Exercise: Your answer must restate the listing below word for word and contain no images.

Provided data:
Start of Block
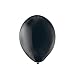 Produktbild Hemore Deko-Ballon, 30 cm, Latex, Balloon, Schwarz, 20 Packungen für Hochzeitstag/Party/Abendveranstaltungen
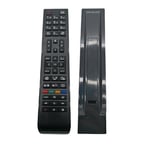 NEW For Logik TV Remote Control For L24HEDW14 UK Stock NEW For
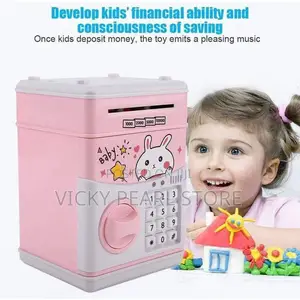 Electronic Piggy Bank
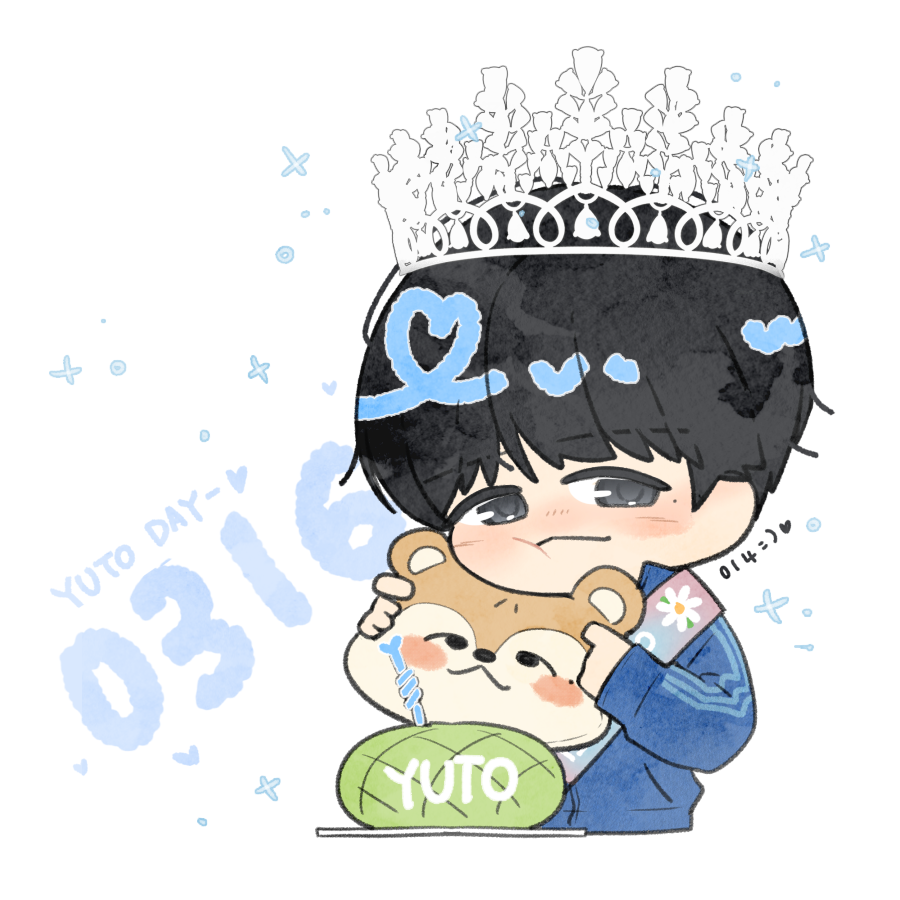 𝟶𝟷𝟺 :) tweet media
End of Block
Answer box:
 Produktbild Hemore Deko-Ballon, 30 cm, Latex, Balloon, Schwarz, 20 Packungen für Hochzeitstag/Party/Abendveranstaltungen
 NEW For Logik TV Remote Control For L24HEDW14 UK Stock NEW For
 Electronic Piggy Bank
 𝟶𝟷𝟺 :) tweet media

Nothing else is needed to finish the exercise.